What is a deja vu client?

A deja vu client is someone who comes into the library (or whatever workplace you are in) and asks a question. You look at the client and figure out either immediately or partway through the answer that not only have you answered this question before, but you have answered this question to this EXACT person.

This seems to happen most with scanning, photocopying and printing. Even though I make the client do it each time and just verbally guide them AND show them the instructions hanging on the wall NEXT TO THE PHOTOCOPIER/PRINTER/SCANNER and they come in ALL THE TIME they just can’t seem to remember how to do it.

There is a gentleman that comes in who can never connect his WiFi, I don’t know what he does to his computer at home, but everytime he comes there are issues connecting. I have helped him twice.
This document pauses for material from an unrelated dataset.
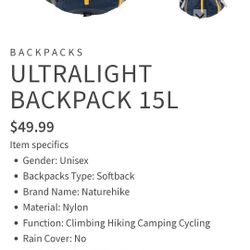 Naturehike  Outdoor Cycling Bag NWT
Both times he has said to me, “I don’t think you know enough, you need to get someone else” and both times I have said to him, “sir, there is only one person in the whole Library service with more IT knowledge than me and she is unavailable” (in my mind I added “jerk off” to make myself feel better). This same gentleman has asked me twice how to save pictures from an email and get this… it was the same damn picture each time (SIGH!). The first time I showed him how as soon as we pressed ‘save as’ his picture library came up with some pretty graphic close ups of lady parts, I turned away and said I couldn’t help him with that on there and he seemed embarrassed. The second time I was wiser and said to him, “remember we have done this before” he said we hadn’t and when he brought up the picture I said, “yes, see this is the same picture we saved last time and remember when you pressed save some inappropriate photos came up. If they come up again I will walk away” he looked at me and then said, “oh, okay, I will delete them”.

Just today I had a lady ask me how to scan documents, I looked at her and knew we have had this conversation before. I told her she needed a USB and she said she didn’t have one. I let her know that the machine will only scan to a USB and she asked if she could borrow one, I said we didn’t have any to borrow, but she could buy one at the front desk for $10. She said too expensive so I suggested she walk down the road to Kmart because they have cheaper ones there. I felt like a robot during this discussion, we have literally had this EXACT conversation before. I remember her because she has some cool tattoos. Cool tattoos yes, but I think she needs a remembrall!

Remembrall-nevilleDoes anyone else have this happen with their clients regularly? I am not sure having the ‘you need to be quiet in the quiet study area’ really counts does it? If it does then I have an epidemic on my hands hahaha.


Frustrations, ranting & fibbers.

Warning: this will be a bit of a vent session. This is your last chance to click away ๐Ÿ™‚

Back in my post “Is it okay to eat the world?” you might remember me talking about the fact that my brother’s GF is now unexpectedly pregnant with their third child. As I mentioned in that post, neither of them have themselves together despite the fact my brother turns 30 in a couple of months and she is 26. Both are well aware that we are struggling with fertility and desperately want children and yet neither of them actually told us they were pregnant, they left it to my parents to tell us. My Dad told me the day they found out and the next day she came over and immediately (as if we had already been mid conversation) says, “Yeah, so M totally thinks the baby will be a girl” Umm… ‘scuse me? As far as you know I am not even aware you’re knocked up… what the hell girl? A little bit of sensitivity and thought that it might be hard for us would have been appreciated.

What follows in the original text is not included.